MANILA, Philippines - The continuous appreciation of the Philippine peso affects even families who are not dependent on overseas Filipinos' remittances or export-oriented businesses, Socioeconomic Planning Secretary Arsenio Balisacan said Wednesday.
But Balisacan pointed out the implementation of government's major infrastructure projects, especially those under the public-private partnership program, is expected to temper the strength of the local currency.
"It's (peso appreciation) bad for the economy as a whole. When our industries--whether export-oriented or import-oriented--are faced with an appreciating peso, they will lose competitiveness," Balisacan told ANC.
"As a result, employment is threatened so the ordinary Filipino, even if he is not OFW-dependent or engaged in export oriented business, would be hurt," he continued.
The peso broke into the P40-to-$1 territory on Tuesday, driven by positive market sentiment after euro zone officials and the International Monetary Fund reached a deal on reducing Greek debt and by seasonal remittances inflows as Christmas nears.
"It's certainly going to be a major concern... but we are in a better situation to do something about it," Balisacan said.
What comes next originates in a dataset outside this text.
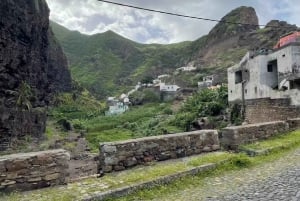 Destaques de Santo Antão: viagem de 1 dia de carro com ferry a partir de SV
"The BSP (Bangko Sentral ng Pilipinas) has been doing its part in a very big way and we think they have the capacity to continue maintaining a competitive environment for our local industries," he continued.
Balicasan further said "Once we get the traction to implement all these major infrastructure programs, that should ease the pressure on the peso."
Exporters earlier in the year have expressed concerns on the peso's appreciation as such makes their products less competitive in international markets.
Moreover, the rise of the peso reduces the spending power of OFW-dependent families, and it also affects the competitiveness of the country's business process outsourcing (BPO) industry, a recent driver of growth in the services sector.